▸ Dataset extract

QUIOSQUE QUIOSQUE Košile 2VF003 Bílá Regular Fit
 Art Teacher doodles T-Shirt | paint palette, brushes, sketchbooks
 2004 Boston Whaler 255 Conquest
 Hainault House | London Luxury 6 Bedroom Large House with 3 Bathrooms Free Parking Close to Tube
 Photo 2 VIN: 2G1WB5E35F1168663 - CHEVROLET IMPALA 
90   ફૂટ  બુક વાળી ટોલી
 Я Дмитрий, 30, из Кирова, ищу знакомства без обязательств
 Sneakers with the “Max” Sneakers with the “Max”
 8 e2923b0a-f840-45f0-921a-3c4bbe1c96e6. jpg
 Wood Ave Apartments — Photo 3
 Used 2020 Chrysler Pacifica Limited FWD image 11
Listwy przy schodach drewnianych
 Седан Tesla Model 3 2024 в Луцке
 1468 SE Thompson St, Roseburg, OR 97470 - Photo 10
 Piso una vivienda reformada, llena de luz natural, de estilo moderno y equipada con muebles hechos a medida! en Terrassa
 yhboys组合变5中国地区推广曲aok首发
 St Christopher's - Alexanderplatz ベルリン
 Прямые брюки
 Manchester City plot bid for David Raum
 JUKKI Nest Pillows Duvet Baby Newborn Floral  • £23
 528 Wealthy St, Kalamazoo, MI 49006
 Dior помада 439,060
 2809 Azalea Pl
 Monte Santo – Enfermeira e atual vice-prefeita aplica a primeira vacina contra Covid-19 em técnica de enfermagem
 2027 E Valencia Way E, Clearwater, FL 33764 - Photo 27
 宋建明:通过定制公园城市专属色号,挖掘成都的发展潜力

▸ Try it
Could you copy each line from the listing that has the word "Photo" in it?

▸ Result of this exercise
 Photo 2 VIN: 2G1WB5E35F1168663 - CHEVROLET IMPALA 
 Wood Ave Apartments — Photo 3
 1468 SE Thompson St, Roseburg, OR 97470 - Photo 10
 2027 E Valencia Way E, Clearwater, FL 33764 - Photo 27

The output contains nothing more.